• [Task]
The copy must match the data below line for line and contain no images.

BEGIN

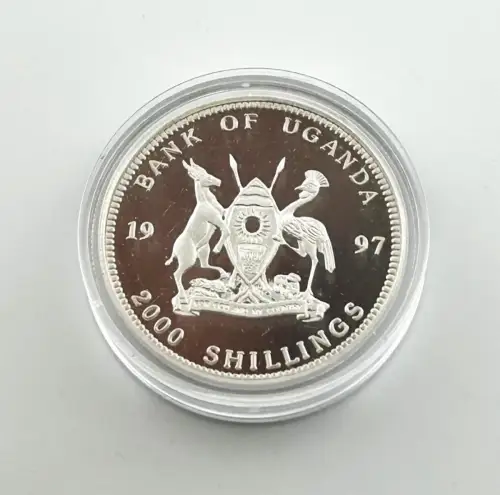 Uganda 2000 Shilling 1997 Michael Schumacher Formel I Silber PP Zertifikat Farbmünze
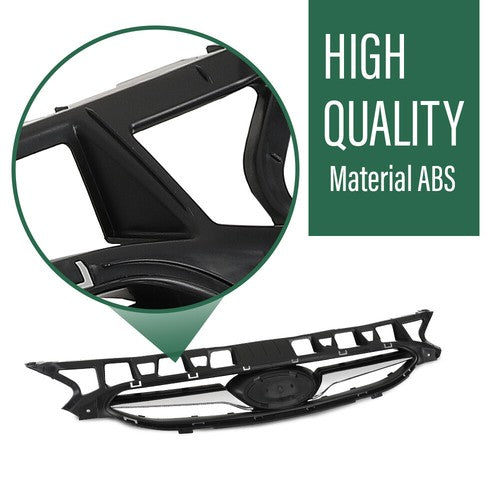 Solid Spare Fit For 2012-2014 Hyundai Accent Front Bumper Upper Grille Grill w/ Chrome Trim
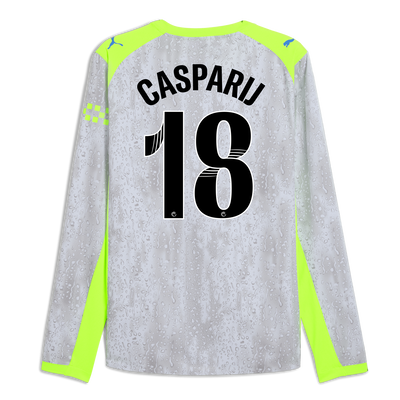 Manchester City Third Authentic Jersey 2025/26 Long Sleeve With CASPARIJ 18 Printing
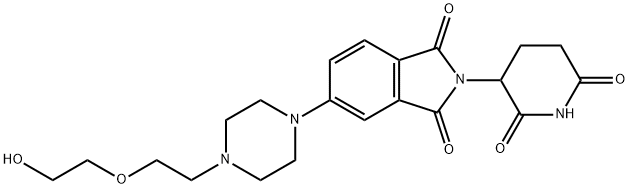 2-(2,6-dioxo-3-piperidinyl)-5-[4-[2-(2-hydroxyethoxy)ethyl]-1-piperazinyl]-1H-Isoindole-1,3(2H)-dione, 구조식 이미지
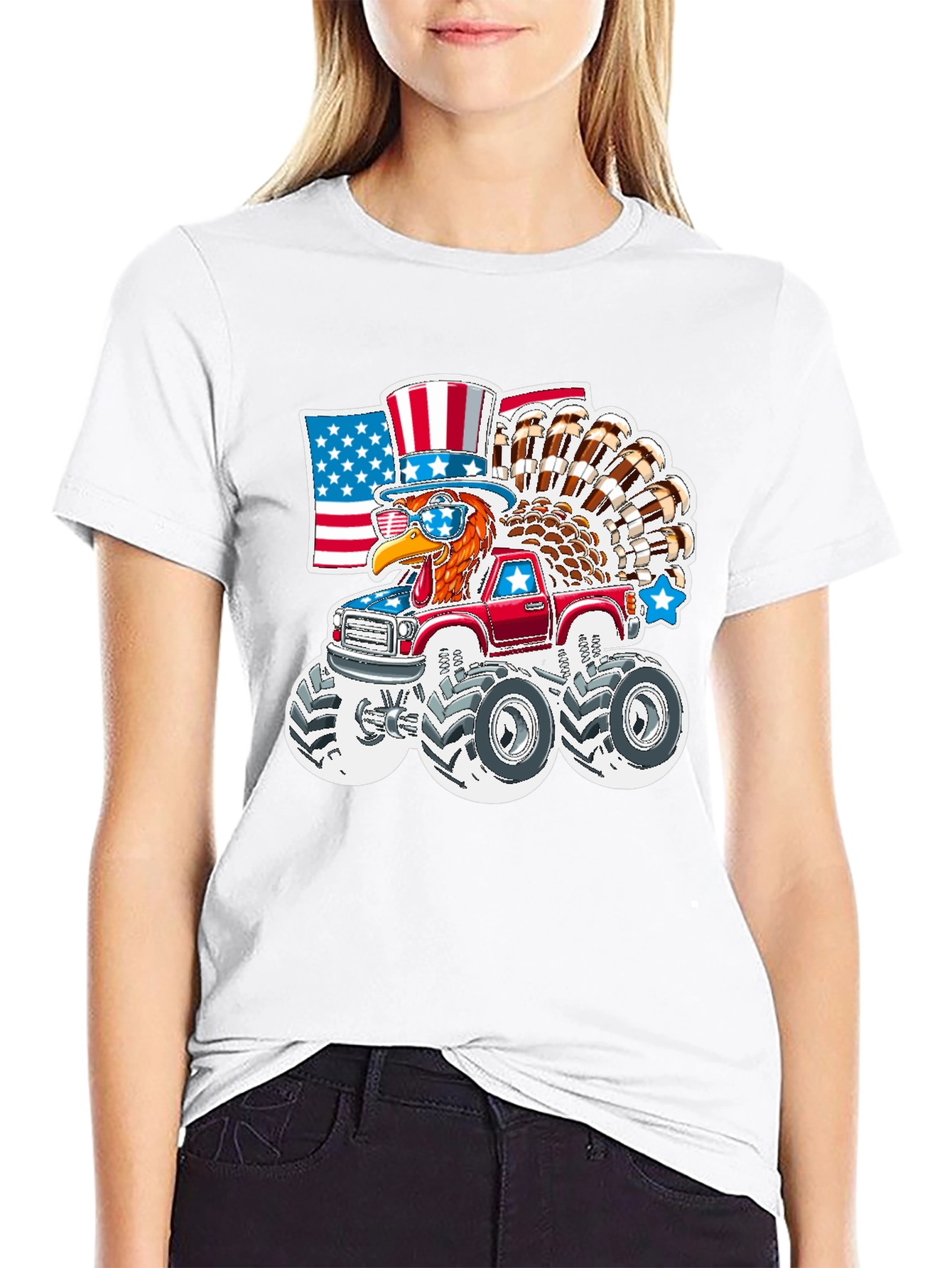 Patriotic Turkey Monster Truck T-Shirt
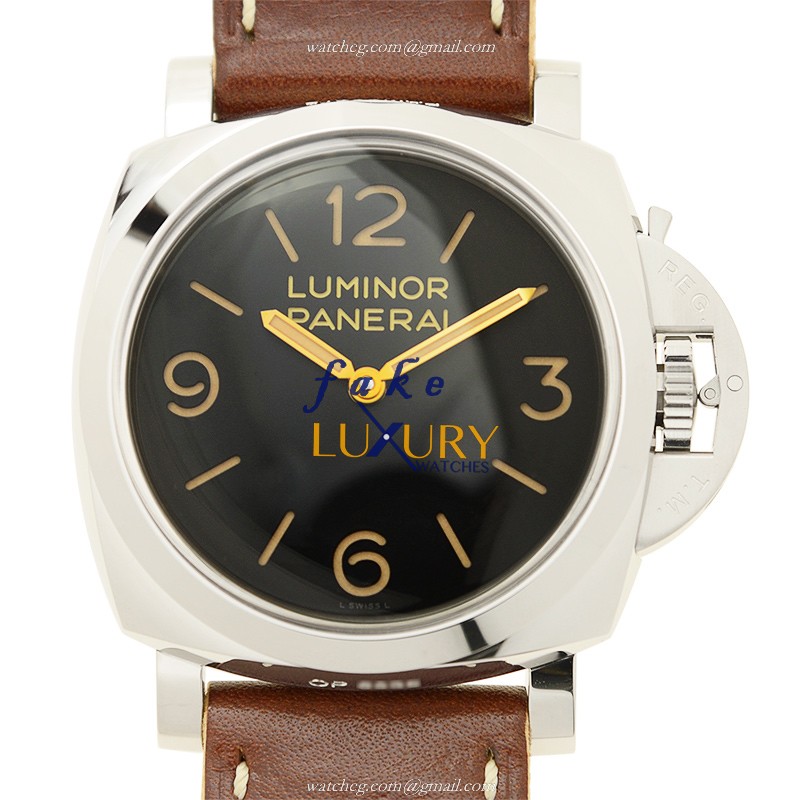 Panerai PAM00372 LUMINOR Manual Wind Steel Case Black Dial Replica Watch - 47mm - Brown Cowhide - Luxury Replica Watch
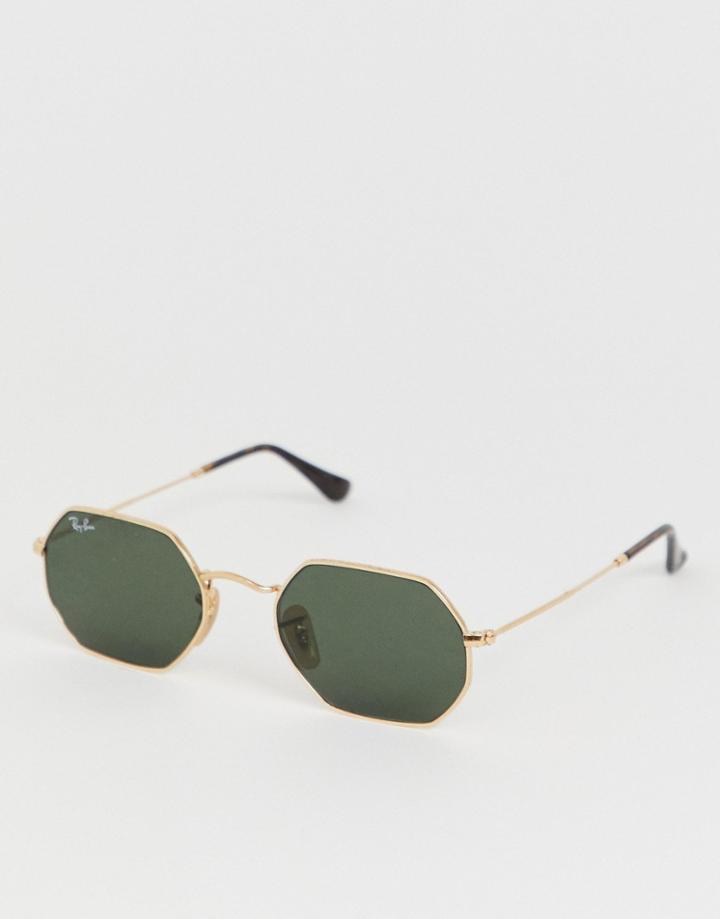 Ray-ban 0rb3556n Hexagonal Sunglasses-gold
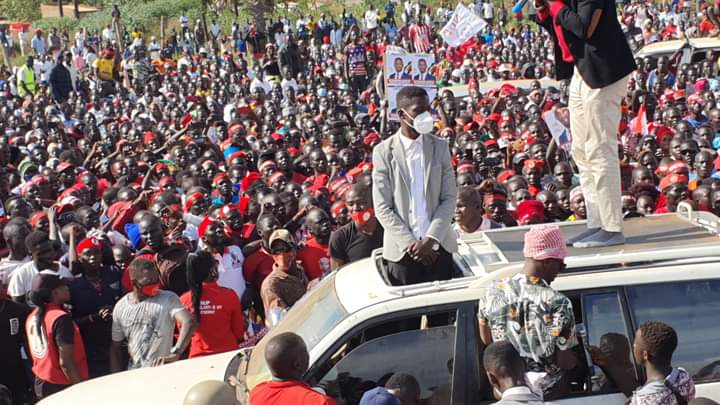 Bobi Wine campaigning during the 2020/21 electioneering period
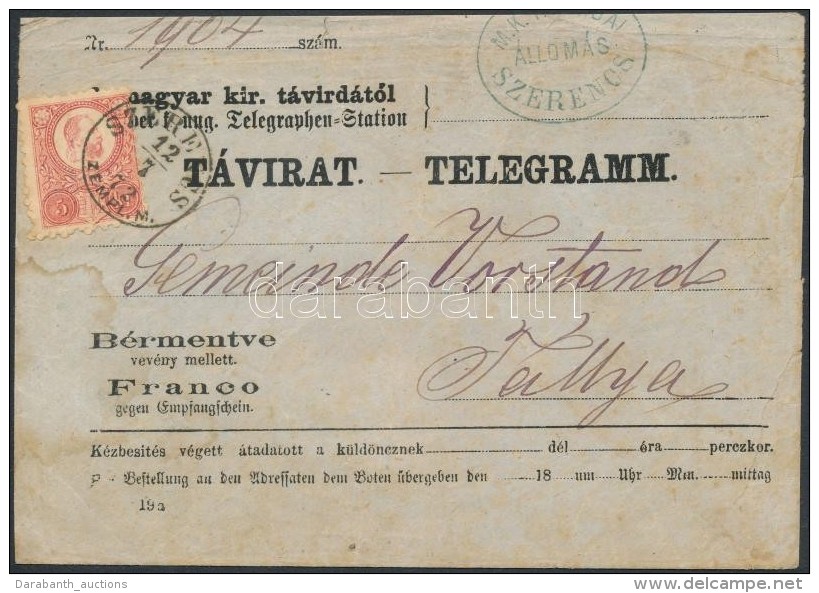 1872 Réznyomat 5kr Táviraton / Mi 10 On Telegramm 'SZERENCS' - Tállya - Autres & Non Classés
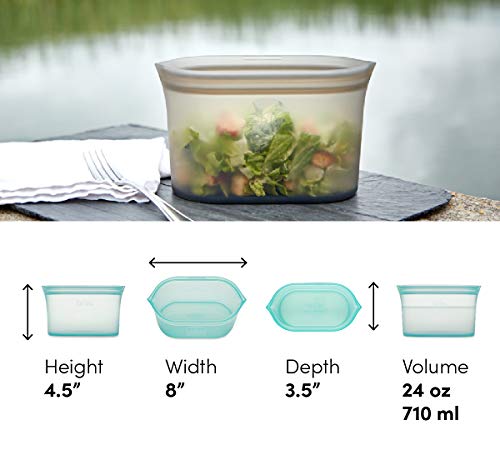 Zip Top Reusable Food Storage Bags | Medium Dish [Peach] | Silicone Meal Prep Container | Microwave, Dishwasher and Freezer Safe | Made in the USA - color: Peach, size: Medium Dish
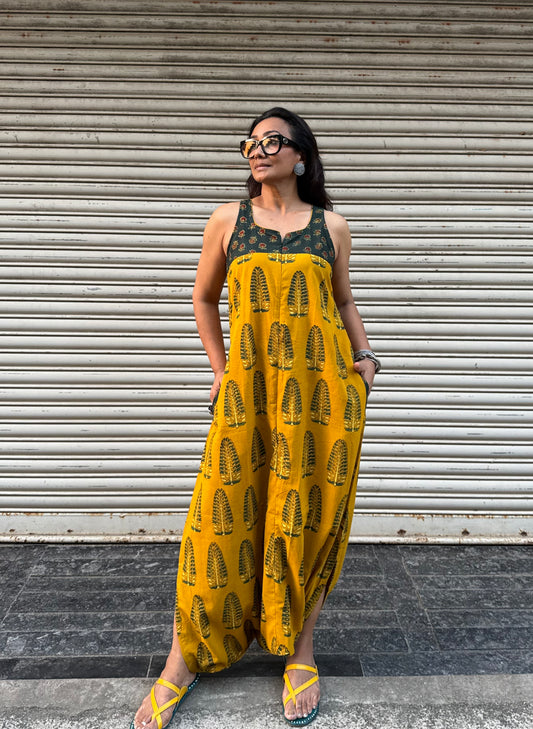 Mustard Anaaras Ajrakh Dhoti Jumpsuit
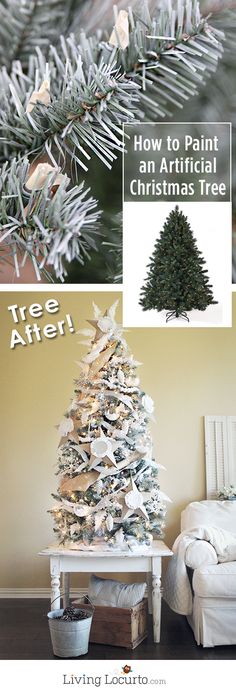 an artificial christmas tree is shown with the words, how to paint an artificial christmas tree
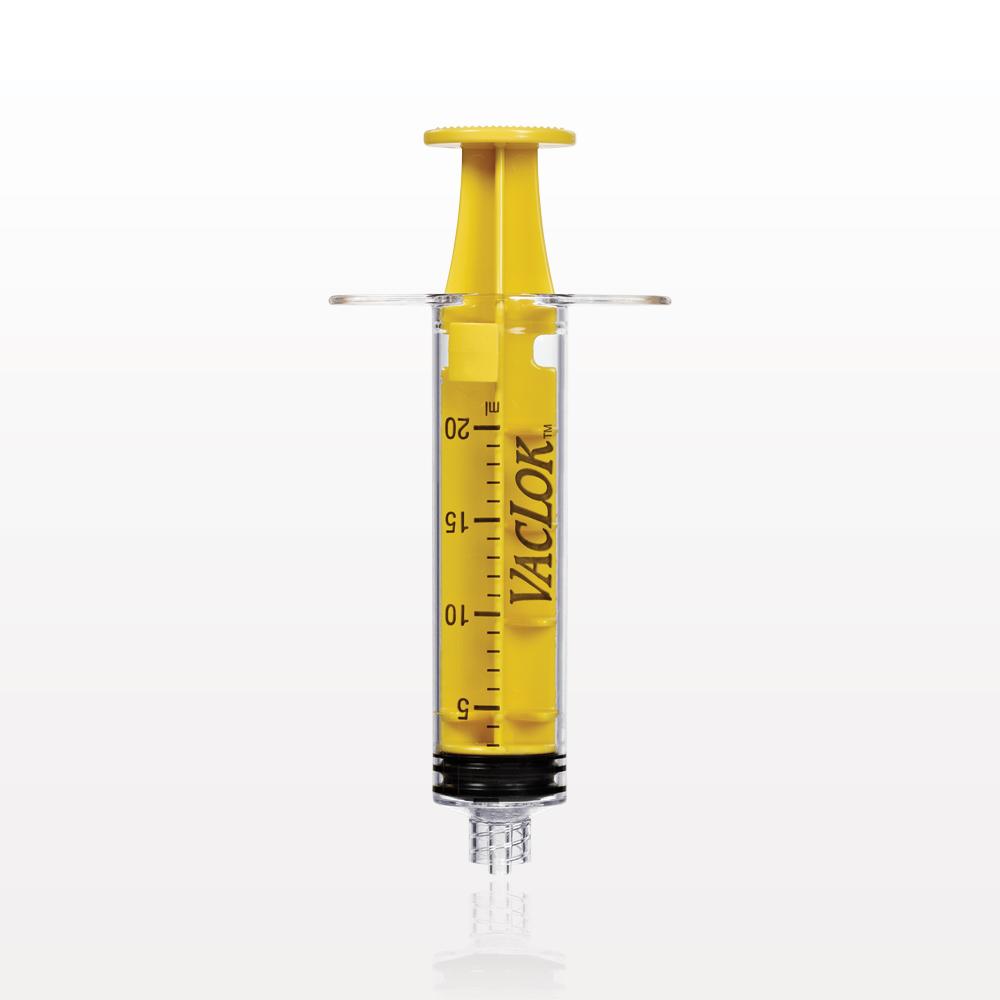 VacLok® Negative Pressure Syringe, Male Luer Lock, Yellow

END

• [Result]
 Uganda 2000 Shilling 1997 Michael Schumacher Formel I Silber PP Zertifikat Farbmünze
 Solid Spare Fit For 2012-2014 Hyundai Accent Front Bumper Upper Grille Grill w/ Chrome Trim
 Manchester City Third Authentic Jersey 2025/26 Long Sleeve With CASPARIJ 18 Printing
 2-(2,6-dioxo-3-piperidinyl)-5-[4-[2-(2-hydroxyethoxy)ethyl]-1-piperazinyl]-1H-Isoindole-1,3(2H)-dione, 구조식 이미지
 Patriotic Turkey Monster Truck T-Shirt
 Panerai PAM00372 LUMINOR Manual Wind Steel Case Black Dial Replica Watch - 47mm - Brown Cowhide - Luxury Replica Watch
 Ray-ban 0rb3556n Hexagonal Sunglasses-gold
 Bobi Wine campaigning during the 2020/21 electioneering period
 1872 Réznyomat 5kr Táviraton / Mi 10 On Telegramm 'SZERENCS' - Tállya - Autres & Non Classés
 Zip Top Reusable Food Storage Bags | Medium Dish [Peach] | Silicone Meal Prep Container | Microwave, Dishwasher and Freezer Safe | Made in the USA - color: Peach, size: Medium Dish
 Mustard Anaaras Ajrakh Dhoti Jumpsuit
 an artificial christmas tree is shown with the words, how to paint an artificial christmas tree
 VacLok® Negative Pressure Syringe, Male Luer Lock, Yellow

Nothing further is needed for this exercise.